|About this Abstract
||MS&T23: Materials Science & Technology
||Ceramics for New Generation Nuclear Energy System Application
||Analysis of Radially Resolved Thermal Conductivity in High Burnup Mixed Oxide Fuel
||Joshua Ferrigno, Tsvetoslav Pavlov, Narayan Poudel, Daniele Salvato, Brian Merritt, Alex Hansen, Troy Munro, Fabiola Cappia, Marat Khafizov
|On-Site Speaker (Planned)
The thermal conductivity of high burnup (19% FIMA) mixed oxide (U,Pu)O2 nuclear fuel was measured along the radial direction using a thermal conductivity microscope. Due to large thermal variations across the annular fuel pellet, many significant microstructural alterations occur across short distances which significantly impact thermal conductivity.

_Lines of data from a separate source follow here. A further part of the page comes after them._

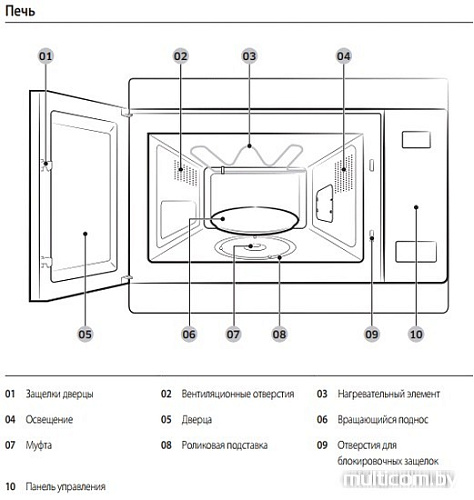 Микроволновая печь Samsung MG22M8054AK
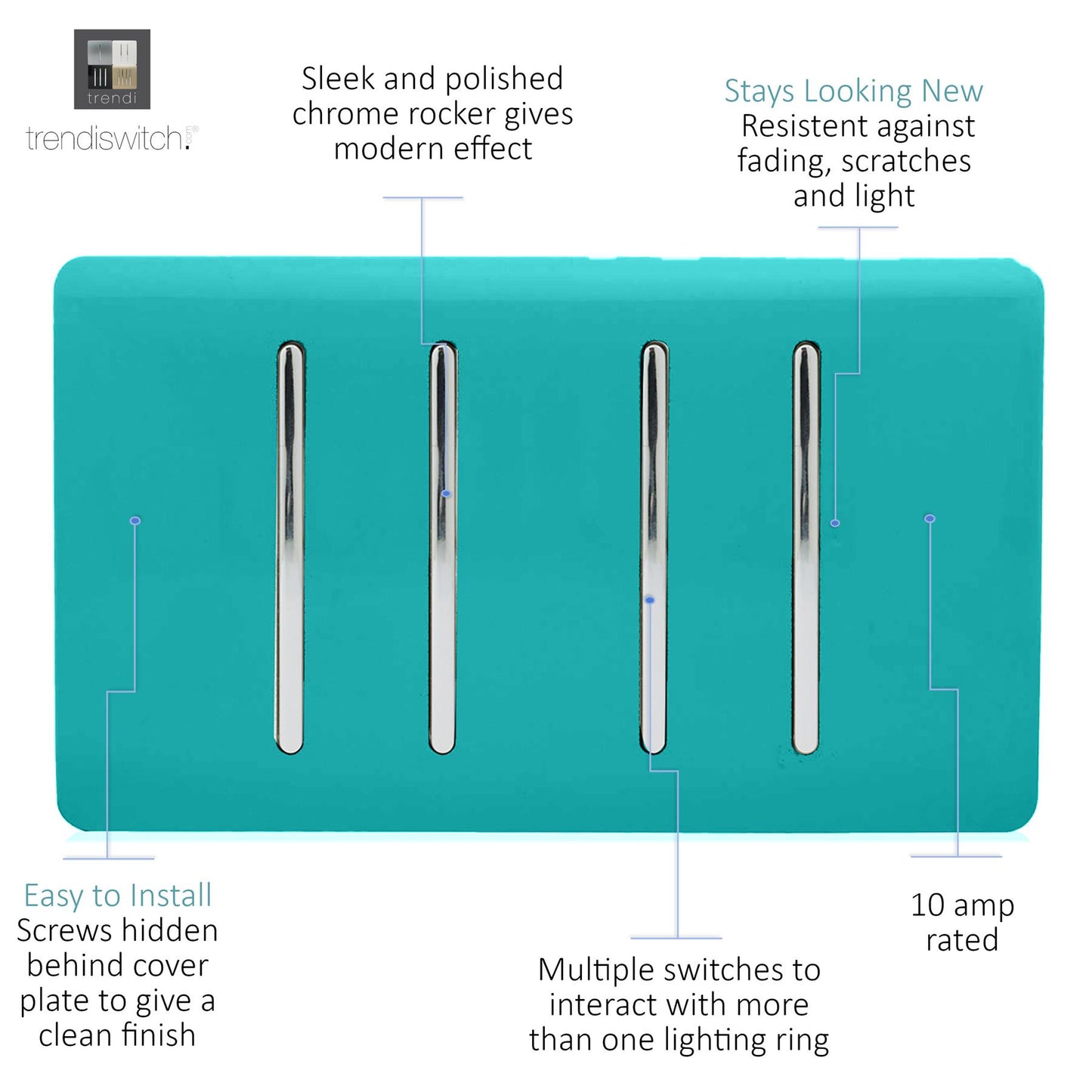 Trendi Artistic Modern Glossy 4 Gang 2 Way  Rocker Double Plate Tactile Light Switch Bright Teal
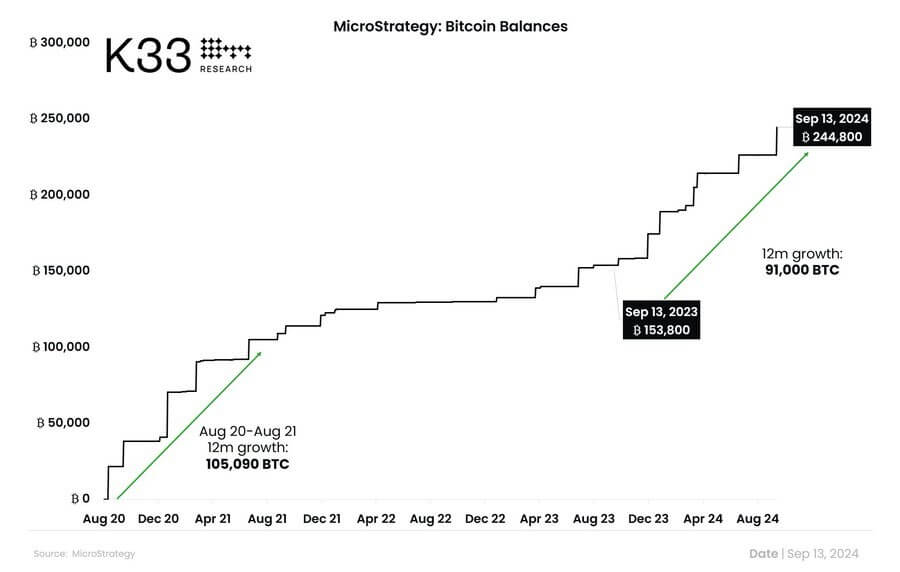 MicroStrategy Bitcoin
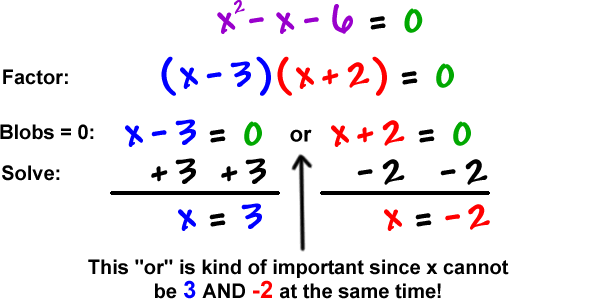 x^2 - x - 6 = 0 ... Factor: ( x - 3 ) ( x + 2 ) = 0 ... Blobs = 0: x - 3 = 0 or x + 2 = 0 ... solve: add 3 to both sides of the first equation and subtract 2 from both sides of the second equation, which gives x = 3 or x = -2 ... this "or" is kind of important since x cannot be 3 AND -2 at the same time!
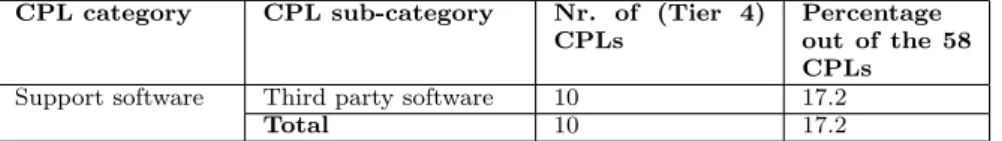 Table 3 Summary, and distribution, of problems, challenges and limitations (CPLs) related to the support software, e.g.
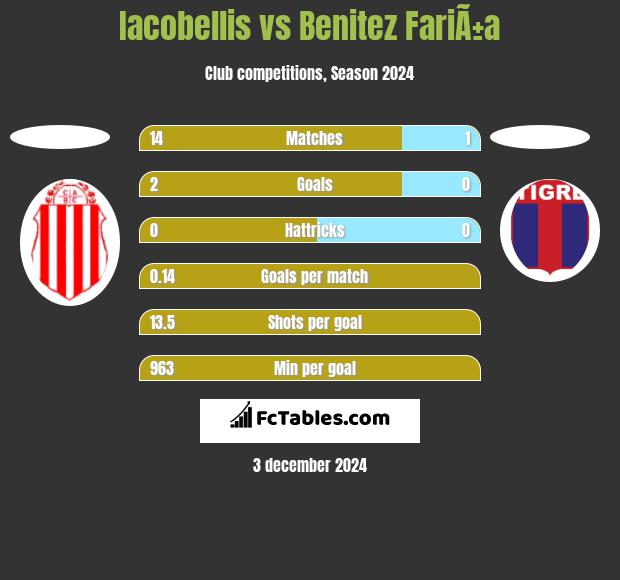 Iacobellis vs Benitez FariÃ±a h2h player stats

We analyze the ability of the Lucuta-Inoue model, a common fuel performance model of thermal conductivity, to capture thermal conductivity degradation in various regions of the fuel governed by vaporization and sublimation, pore migration, grain growth, high burnup structure (HBS) formation, as well as actinide, oxygen, and precipitate redistribution. We find that the Lucuta-Inoue adequately captures thermal conductivity in the central region of fuel. It is unable to capture degradation in the HBS region. Interestingly, we observe the largest thermal conductivity in the mid-radial region of the fuel pin. These measurements provide a pathway for improving thermal conductivity correlations in fuel performance codes.